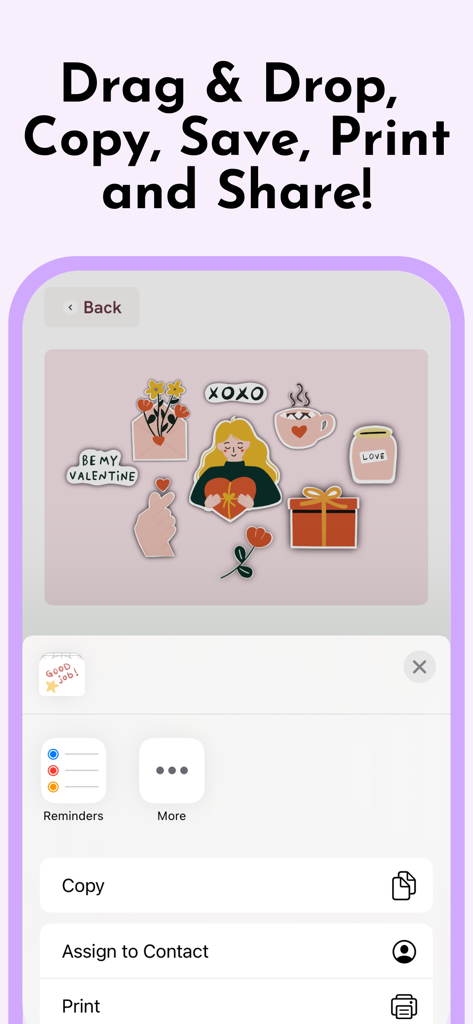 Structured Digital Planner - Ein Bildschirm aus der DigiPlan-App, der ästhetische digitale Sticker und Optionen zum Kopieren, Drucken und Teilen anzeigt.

◇ ◇ ◇ ◇ ◇ ◇ ◇

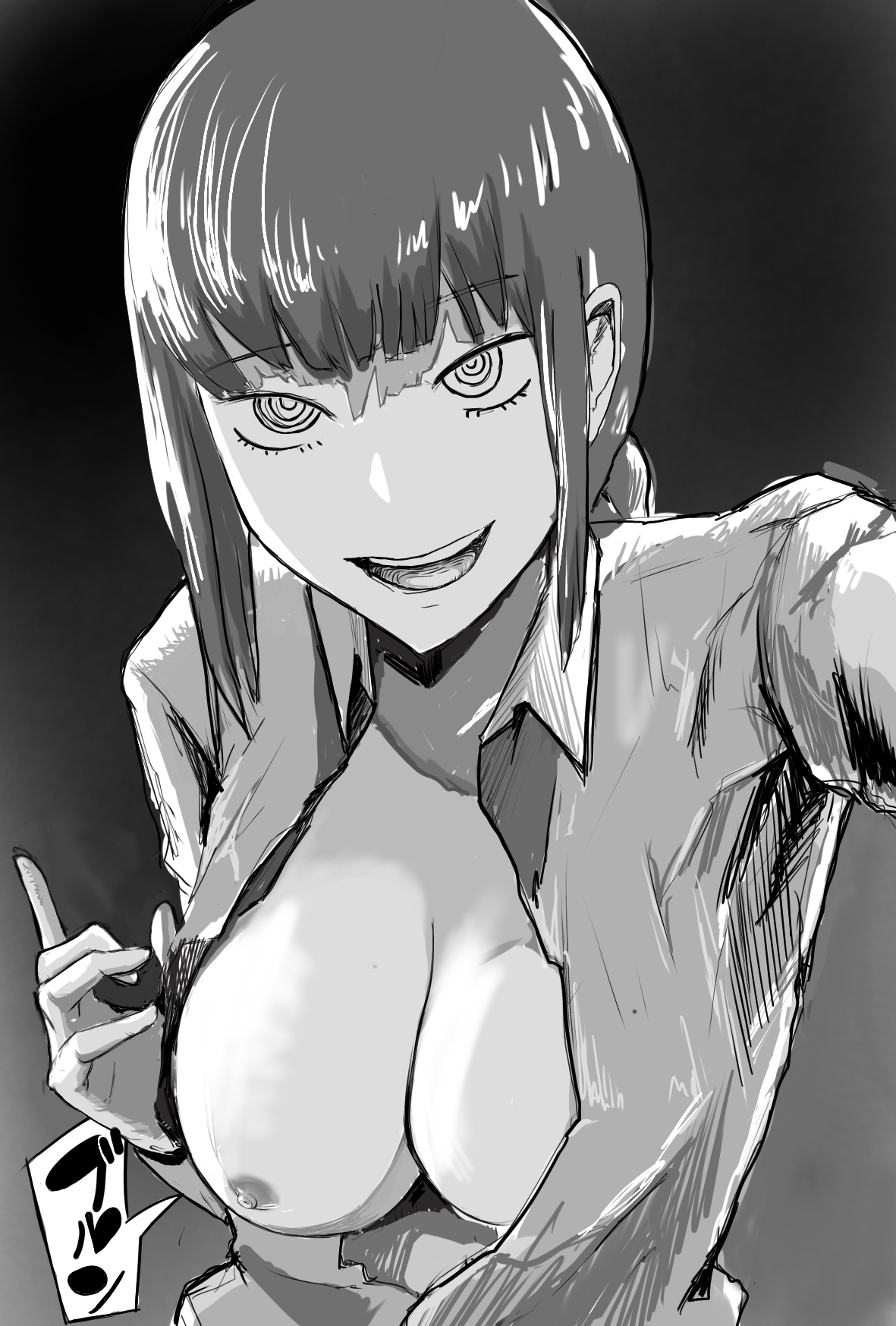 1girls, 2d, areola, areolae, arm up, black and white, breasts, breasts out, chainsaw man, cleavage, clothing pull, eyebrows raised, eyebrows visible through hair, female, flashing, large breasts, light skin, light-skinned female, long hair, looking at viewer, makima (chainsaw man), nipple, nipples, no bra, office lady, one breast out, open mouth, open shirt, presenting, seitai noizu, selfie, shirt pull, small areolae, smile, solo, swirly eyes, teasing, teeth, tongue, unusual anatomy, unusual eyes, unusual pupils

◇ ◇ ◇ ◇ ◇ ◇ ◇

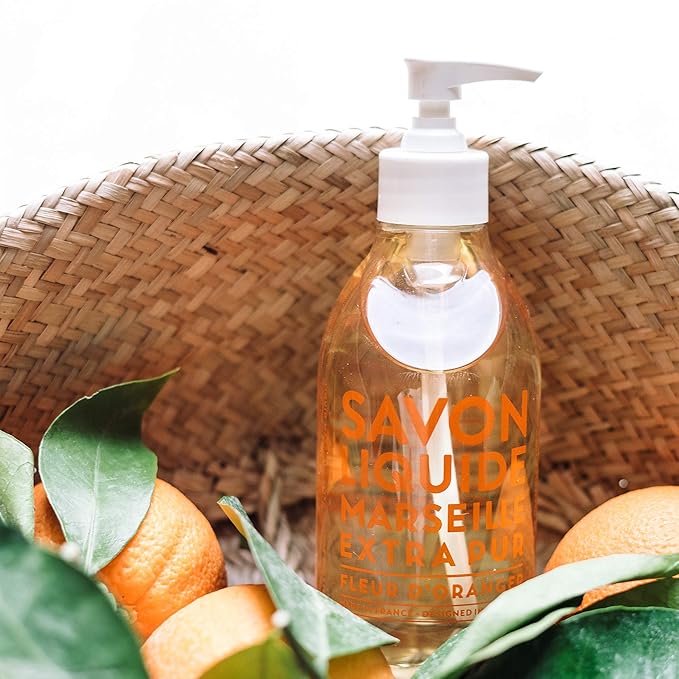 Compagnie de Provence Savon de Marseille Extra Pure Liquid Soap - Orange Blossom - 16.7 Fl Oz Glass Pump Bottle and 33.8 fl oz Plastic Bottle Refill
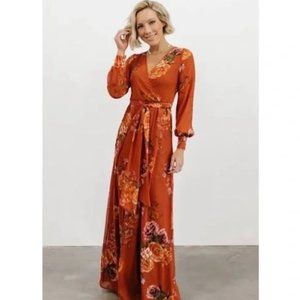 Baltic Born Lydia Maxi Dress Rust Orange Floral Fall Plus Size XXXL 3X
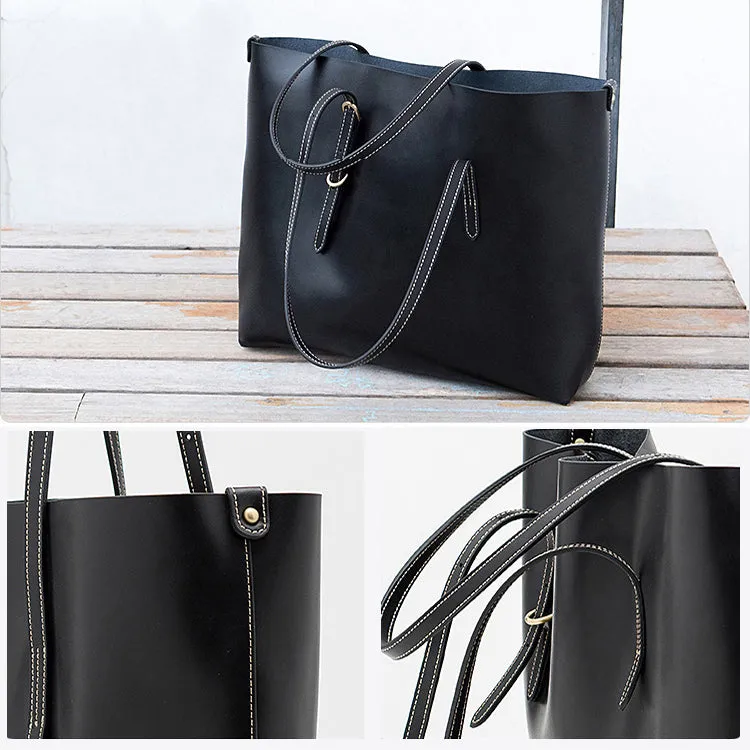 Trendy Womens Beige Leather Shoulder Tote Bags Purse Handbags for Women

◇ ◇ ◇ ◇ ◇ ◇ ◇

◆ Problem to solve ◆
What are the lines above from the one with "Compagnie de Provence" to the one with "Trendy Womens Beige", both included? Reproduce them exactly, without pictures.

◆ Response to this exercise ◆
 Compagnie de Provence Savon de Marseille Extra Pure Liquid Soap - Orange Blossom - 16.7 Fl Oz Glass Pump Bottle and 33.8 fl oz Plastic Bottle Refill
 Baltic Born Lydia Maxi Dress Rust Orange Floral Fall Plus Size XXXL 3X
 Trendy Womens Beige Leather Shoulder Tote Bags Purse Handbags for Women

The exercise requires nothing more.